In Turkmenistan, in the capital city of Ashgabat


In most areas, officially and publicly worshiping is out of the question. Additionally, evangelizing is a punishable offense. Raids like those on Pastor Shabanov’s house church are rampant. In one Central Asian republic, police officers recently broke into an apartment of a believer hosting a Bible study of an underground house church. The police confiscated Bibles and Christian literature and detained the participants who were later accused of spreading “radical religious teachings.” 

In Azerbaijan, according to a new amendment to the state religious code, religious groups meeting without registration will be subject to one to two years in prison.
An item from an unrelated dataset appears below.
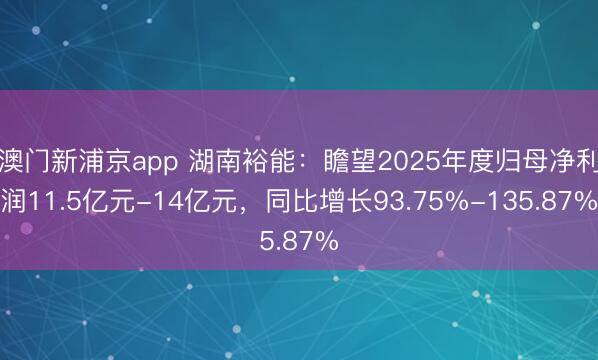 澳门新浦京app 湖南裕能:瞻望2025年度归母净利润11.5亿元-14亿元,同比增长93.75%-135.87%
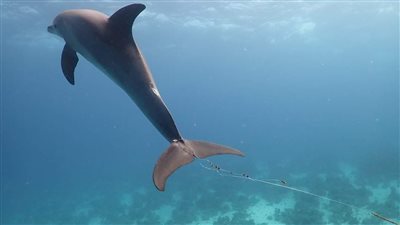 ظهور جديد لـ الدولفين المصاب بشباك الصيادين بمنطقة شعاب العرق في الغردقة | صور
In an undisclosed area in Central Asia, a secret group of believers is fighting for the right to practice their faith. They have been fasting and praying for security and opportunities to meet together, preach, pray, have Bibles and worship.


A Human Rights Watch report on Uzbekistan indicates that the government maintains a “blacklist” made up of thousands of individuals suspected of belonging to unregistered or extremist groups. Those on the list are barred from obtaining various jobs, from travel, and must report regularly for interrogations with the police. 


Despite tightening restrictions and the increasing introduction of new laws restricting religious freedom, God’s church continues to grow in this area that has seen centuries of adversity and strife. And that growth may well be the biggest reason why this region of the world is experiencing such persecution. Like the underground church in China that increased and expanded exponentially during the country’s Cultural Revolution, disciples of Jesus are multiplying in Central Asia in the face of government and cultural crackdowns. People like Pastor Shabanov and Bible smugglers like Ulzhan and Alexey (see below) are risking it all to bring believers together and to get Scripture and Christian literature into the hands of Christians.
The following messages from Central Asian believers are a snapshot of the hope more than 5 million believers in the church of Central Asia are sharing:
  • Ulzhan*, a Christian worker in an undisclosed area, says: “So many people have come to faith. People of so many different backgrounds and social conditions. I see this movement of God in my life and in the lives of people around me. It’s incredible.”
  • Pastor Hakeem* says: “Thank you so much for providing our church with Bibles. Without your help, we wouldn’t have had the opportunity to give people the most important thing—the Word of God! Your ministry played a tremendous role in our call to reach out to Muslims for Christ.”
  • Alexey*, a literature distribution coordinator for Central Asia, says: “God has been helping the Church grow even without books; however, Christian literature is a wonderful tool that helps the Church stand firm and mature! “On average, we distribute over 30,000 books a year. Knowing there are over 70 million people in Central Asia, the number of books seems like a small drop in a big ocean. Still, our hope is that, through each book, God will touch the hearts of those people who seek Him and those who have never heard of Jesus.”
  • Sergei*, a former Muslim who received a Bible and is now a Christian, says: “God revealed to me how precious I am to Him and that it doesn’t matter if I have an earthly family or not. I learned to look at myself through His eyes and learned to respect and love myself. My life absolutely changed thanks to this small book.”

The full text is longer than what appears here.